Exercise prompt: Repeat exactly, and only, the lines below starting at the line that contains "Maak me Gek glitter" and ending at the line that contains "Skeleton King Washed Tshirt-ClassyOutlaw", inclusive of both.

---*---

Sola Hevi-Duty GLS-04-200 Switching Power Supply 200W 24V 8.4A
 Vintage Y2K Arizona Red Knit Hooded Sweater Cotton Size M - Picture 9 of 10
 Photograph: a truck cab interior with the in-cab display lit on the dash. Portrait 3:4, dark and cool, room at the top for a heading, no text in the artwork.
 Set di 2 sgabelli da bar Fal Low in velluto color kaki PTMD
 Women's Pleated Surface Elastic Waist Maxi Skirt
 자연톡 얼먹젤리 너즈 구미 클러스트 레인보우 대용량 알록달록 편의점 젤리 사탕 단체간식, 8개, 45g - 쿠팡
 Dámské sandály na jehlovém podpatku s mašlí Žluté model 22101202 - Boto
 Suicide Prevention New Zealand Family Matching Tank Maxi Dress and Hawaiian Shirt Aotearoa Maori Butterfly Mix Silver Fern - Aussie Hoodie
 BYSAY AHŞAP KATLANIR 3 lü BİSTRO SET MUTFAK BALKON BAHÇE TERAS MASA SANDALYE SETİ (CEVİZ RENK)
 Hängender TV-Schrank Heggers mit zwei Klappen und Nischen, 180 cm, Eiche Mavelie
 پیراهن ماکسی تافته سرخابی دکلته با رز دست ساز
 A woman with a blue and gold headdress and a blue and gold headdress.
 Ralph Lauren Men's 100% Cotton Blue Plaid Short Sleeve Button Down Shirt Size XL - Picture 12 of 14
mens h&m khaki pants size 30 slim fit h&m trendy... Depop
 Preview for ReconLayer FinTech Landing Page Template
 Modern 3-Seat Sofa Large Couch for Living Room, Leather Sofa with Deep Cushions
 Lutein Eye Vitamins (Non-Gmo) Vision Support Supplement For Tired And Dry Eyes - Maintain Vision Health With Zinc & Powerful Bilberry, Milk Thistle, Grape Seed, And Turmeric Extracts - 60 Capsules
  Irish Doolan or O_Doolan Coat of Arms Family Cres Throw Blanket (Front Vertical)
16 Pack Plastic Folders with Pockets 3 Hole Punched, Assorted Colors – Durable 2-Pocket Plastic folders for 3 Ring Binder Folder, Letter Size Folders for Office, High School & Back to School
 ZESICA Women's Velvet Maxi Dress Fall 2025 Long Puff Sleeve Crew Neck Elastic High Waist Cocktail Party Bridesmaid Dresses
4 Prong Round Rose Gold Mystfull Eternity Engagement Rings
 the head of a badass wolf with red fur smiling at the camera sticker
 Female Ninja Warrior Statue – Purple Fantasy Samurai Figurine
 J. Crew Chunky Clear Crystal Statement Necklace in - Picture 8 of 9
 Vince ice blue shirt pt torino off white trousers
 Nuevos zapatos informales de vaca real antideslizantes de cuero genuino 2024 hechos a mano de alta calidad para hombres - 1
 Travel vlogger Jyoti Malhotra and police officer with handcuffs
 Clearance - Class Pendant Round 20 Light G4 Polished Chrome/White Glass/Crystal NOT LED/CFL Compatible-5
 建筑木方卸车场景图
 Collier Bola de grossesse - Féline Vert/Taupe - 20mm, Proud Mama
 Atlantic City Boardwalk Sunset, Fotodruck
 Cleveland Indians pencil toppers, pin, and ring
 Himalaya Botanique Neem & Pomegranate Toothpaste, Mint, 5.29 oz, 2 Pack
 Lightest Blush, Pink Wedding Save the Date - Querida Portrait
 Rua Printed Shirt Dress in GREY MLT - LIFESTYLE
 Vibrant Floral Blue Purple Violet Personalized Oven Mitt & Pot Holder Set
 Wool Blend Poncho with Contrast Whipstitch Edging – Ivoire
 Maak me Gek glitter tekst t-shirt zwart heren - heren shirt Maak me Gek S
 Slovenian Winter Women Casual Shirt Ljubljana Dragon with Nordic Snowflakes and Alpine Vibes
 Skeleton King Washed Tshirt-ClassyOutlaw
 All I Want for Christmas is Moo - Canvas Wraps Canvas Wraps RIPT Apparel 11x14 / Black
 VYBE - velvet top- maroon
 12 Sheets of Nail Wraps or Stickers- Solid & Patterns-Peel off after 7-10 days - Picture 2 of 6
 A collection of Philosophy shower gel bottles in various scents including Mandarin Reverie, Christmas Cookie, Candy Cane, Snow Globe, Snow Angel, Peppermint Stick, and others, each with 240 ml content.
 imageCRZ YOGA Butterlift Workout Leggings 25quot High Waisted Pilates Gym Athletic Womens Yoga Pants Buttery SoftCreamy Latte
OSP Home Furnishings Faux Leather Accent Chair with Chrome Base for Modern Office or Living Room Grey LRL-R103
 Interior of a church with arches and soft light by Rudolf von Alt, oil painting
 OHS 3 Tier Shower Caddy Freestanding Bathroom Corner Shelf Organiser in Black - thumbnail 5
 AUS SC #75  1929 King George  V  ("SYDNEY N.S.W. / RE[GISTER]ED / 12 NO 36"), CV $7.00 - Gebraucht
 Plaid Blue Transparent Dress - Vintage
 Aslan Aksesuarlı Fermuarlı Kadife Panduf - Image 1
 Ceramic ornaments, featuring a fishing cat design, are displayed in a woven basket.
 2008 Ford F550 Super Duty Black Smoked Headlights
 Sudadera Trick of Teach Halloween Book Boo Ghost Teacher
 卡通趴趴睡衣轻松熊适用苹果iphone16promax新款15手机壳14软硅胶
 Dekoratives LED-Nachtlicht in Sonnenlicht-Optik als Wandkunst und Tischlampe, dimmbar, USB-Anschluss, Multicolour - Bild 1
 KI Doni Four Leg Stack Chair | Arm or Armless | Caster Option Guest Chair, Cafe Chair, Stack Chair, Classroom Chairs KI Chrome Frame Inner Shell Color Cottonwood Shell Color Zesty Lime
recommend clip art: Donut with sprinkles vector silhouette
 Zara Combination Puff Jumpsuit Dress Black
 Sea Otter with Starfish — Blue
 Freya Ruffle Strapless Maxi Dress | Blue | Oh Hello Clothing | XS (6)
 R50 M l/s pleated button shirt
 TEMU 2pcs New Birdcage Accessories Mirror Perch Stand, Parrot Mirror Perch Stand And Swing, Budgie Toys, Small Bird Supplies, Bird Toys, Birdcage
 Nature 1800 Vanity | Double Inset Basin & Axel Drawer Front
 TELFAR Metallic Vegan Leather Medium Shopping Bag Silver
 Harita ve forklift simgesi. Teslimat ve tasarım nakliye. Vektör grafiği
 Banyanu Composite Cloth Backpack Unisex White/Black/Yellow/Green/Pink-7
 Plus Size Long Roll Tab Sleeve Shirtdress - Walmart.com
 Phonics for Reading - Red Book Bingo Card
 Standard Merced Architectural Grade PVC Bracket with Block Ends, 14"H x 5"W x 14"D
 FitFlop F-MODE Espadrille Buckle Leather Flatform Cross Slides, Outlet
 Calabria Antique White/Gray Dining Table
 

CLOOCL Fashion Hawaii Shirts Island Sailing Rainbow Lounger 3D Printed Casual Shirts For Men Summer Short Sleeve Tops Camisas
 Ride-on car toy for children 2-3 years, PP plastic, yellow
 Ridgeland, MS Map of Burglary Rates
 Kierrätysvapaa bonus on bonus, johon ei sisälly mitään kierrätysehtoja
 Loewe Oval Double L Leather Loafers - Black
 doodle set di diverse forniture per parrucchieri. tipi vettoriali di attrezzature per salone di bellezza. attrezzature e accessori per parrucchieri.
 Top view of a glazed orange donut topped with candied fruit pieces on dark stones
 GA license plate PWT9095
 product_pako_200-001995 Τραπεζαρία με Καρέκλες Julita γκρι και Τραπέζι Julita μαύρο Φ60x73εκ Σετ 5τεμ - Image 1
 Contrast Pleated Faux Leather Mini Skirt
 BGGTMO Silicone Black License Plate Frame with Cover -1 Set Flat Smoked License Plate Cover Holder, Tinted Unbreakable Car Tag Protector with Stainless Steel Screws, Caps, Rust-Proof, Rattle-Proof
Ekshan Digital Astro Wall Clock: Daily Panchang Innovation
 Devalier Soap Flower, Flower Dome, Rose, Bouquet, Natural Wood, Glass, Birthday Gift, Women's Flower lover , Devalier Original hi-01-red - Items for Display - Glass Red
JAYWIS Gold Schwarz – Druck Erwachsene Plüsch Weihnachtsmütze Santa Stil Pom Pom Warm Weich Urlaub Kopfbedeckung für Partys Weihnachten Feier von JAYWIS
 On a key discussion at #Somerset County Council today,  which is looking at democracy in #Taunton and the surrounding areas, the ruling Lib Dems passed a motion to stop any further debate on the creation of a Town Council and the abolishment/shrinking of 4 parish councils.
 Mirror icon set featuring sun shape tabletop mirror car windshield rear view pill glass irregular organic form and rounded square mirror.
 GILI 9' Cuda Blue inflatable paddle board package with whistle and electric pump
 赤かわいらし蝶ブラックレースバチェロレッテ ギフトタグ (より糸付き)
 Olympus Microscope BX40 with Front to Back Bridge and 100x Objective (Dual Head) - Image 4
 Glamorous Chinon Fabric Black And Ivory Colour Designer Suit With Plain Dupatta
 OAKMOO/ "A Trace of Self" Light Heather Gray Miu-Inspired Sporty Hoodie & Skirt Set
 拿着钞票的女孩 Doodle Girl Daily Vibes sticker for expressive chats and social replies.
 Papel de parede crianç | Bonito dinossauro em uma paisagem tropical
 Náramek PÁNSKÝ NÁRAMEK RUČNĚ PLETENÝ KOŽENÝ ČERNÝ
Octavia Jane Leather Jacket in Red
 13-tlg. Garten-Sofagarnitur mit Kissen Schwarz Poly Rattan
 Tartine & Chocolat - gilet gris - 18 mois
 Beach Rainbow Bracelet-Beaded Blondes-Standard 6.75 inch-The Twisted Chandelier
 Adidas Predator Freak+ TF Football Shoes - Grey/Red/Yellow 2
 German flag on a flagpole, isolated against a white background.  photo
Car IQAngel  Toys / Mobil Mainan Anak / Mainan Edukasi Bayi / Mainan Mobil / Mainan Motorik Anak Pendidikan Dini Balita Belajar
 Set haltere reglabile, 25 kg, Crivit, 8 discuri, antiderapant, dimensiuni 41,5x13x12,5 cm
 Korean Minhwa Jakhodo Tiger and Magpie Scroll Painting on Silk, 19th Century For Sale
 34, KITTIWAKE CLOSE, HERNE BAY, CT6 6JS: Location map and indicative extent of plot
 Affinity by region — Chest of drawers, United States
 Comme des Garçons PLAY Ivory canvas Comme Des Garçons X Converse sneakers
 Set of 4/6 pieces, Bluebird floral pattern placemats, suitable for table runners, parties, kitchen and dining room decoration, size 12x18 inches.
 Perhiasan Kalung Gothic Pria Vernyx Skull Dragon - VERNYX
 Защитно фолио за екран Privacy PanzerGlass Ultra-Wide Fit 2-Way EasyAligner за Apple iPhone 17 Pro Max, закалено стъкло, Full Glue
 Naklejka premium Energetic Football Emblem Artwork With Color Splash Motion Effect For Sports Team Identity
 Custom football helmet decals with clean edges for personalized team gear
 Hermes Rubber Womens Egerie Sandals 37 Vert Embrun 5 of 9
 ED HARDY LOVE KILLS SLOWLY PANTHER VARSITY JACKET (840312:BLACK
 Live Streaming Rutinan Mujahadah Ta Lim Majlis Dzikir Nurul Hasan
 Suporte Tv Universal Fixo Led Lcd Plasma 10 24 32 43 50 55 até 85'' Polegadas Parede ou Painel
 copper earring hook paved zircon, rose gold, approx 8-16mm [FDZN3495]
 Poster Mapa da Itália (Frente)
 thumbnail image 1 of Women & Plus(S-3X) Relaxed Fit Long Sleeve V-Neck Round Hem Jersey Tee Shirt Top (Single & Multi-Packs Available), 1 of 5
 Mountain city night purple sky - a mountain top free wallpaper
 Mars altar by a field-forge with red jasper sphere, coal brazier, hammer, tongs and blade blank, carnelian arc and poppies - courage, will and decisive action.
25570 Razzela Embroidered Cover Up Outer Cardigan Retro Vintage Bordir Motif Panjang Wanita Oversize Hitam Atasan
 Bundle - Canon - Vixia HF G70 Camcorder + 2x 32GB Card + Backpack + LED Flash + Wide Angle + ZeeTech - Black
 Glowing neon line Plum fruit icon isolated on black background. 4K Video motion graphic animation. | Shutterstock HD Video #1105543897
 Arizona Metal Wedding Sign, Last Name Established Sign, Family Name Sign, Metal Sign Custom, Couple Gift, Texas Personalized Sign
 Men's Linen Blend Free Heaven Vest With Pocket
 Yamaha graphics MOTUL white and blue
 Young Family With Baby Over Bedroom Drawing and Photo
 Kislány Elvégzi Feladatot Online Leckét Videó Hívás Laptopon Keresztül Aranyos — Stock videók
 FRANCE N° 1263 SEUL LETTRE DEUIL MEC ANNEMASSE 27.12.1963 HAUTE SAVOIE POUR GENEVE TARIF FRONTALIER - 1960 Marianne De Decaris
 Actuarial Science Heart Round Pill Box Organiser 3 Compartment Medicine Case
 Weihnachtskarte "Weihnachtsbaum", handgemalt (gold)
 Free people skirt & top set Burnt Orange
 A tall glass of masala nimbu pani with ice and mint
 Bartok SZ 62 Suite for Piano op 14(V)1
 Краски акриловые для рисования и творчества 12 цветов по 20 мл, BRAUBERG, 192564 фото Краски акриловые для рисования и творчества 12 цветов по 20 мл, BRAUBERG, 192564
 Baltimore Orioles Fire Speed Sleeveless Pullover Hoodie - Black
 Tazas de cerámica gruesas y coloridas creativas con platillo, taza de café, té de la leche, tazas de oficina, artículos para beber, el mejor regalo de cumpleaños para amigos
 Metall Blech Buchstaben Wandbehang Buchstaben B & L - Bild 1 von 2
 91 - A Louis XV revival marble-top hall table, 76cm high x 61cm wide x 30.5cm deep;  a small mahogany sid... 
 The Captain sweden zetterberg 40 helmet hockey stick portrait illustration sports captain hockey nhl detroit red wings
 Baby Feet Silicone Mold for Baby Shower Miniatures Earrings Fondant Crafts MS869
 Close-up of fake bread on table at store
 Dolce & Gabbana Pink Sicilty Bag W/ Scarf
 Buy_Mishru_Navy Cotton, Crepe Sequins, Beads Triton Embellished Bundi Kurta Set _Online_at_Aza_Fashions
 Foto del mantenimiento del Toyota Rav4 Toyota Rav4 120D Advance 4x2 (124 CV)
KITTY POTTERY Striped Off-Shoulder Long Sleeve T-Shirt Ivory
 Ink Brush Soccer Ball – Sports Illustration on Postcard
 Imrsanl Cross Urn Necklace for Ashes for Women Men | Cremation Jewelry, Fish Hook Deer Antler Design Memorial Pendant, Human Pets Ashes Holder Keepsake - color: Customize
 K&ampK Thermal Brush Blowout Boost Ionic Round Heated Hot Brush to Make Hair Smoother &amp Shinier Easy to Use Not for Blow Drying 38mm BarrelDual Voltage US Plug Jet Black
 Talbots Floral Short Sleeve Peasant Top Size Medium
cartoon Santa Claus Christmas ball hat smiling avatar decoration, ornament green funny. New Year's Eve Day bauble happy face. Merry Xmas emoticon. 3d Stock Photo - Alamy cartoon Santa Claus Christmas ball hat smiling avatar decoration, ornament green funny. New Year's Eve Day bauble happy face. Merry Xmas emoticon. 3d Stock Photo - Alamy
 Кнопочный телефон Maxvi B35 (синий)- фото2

---*---

Answer below:
 Maak me Gek glitter tekst t-shirt zwart heren - heren shirt Maak me Gek S
 Slovenian Winter Women Casual Shirt Ljubljana Dragon with Nordic Snowflakes and Alpine Vibes
 Skeleton King Washed Tshirt-ClassyOutlaw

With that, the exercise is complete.